Ja, so hatte es sich bis zu diesem fernen Landstrich sicherlich rumgesprochen:

Dieser Mann kann alle möglichen Krankheiten heilen, er ist der Wunderdoktor schlechthin.

Und da bringen Sie einen Taubstummen zu ihm.

Taubstumme – die weder hören und sprechen können.

Schlimm. Sie befinden sich in einem inneren Gefängnis.

Keine menschliche Sprache, kein Laut erreicht diese Menschen und ihnen ist auch das Menschlichste, was nur Menschen können, verwehrt: Sie können nicht sprechen.

Hier fehlt so Wichtiges zum Menschsein, diese Taubstummen können eigentlich keine richtigen Menschen sein.

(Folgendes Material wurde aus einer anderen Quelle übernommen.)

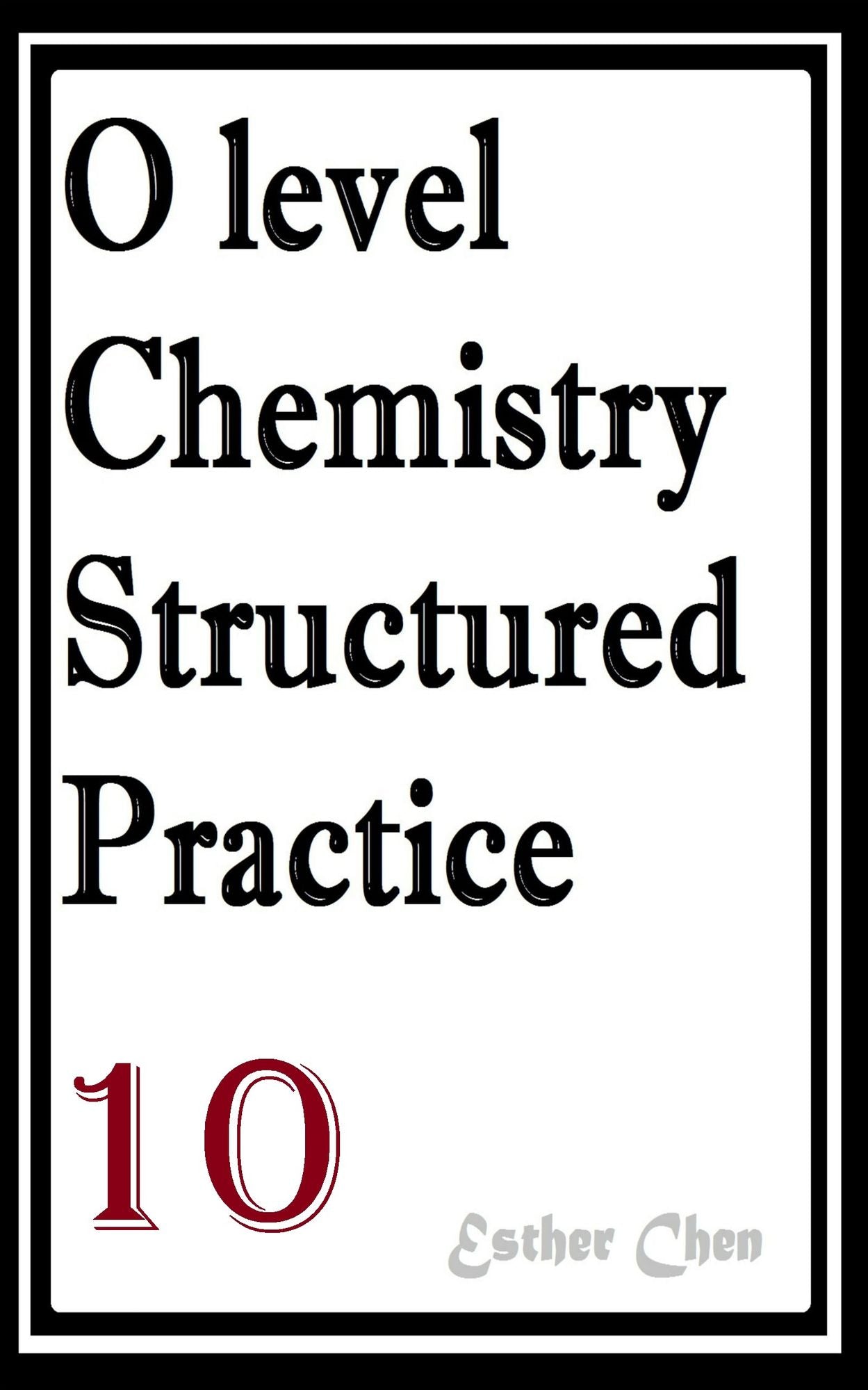 O level Chemistry Structured Practice Papers 10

Uns nun passiert das Wunder, ja erstmal ein Wunder vor der dem eigentlichen Wunder:

Und zwar: ANDERE bringen diesen Taubstummen zu Jesus, andere Menschen:

Zitat: „Da brachte man einen Taubstummen zu Jesus…“ ja, diese anderen,  diese anderen Menschen,

so könnte man auch sagen, wollen diesen Kranken wieder in ihre Gemeinschaft zurückhaben.

Sie wollen wieder mit ihm menschlich umgehen, ihn wieder an ihrem einmaligen Miteinander teilhaben lassen.

Klingt etwas kompliziert, ist aber letztlich sehr einfach:

Da wird der Versuch gestartet, einen Außenseiter zurück zu holen.

Da wird der Versuch gestartet, einen Außenseiter wieder zum Menschen zu machen.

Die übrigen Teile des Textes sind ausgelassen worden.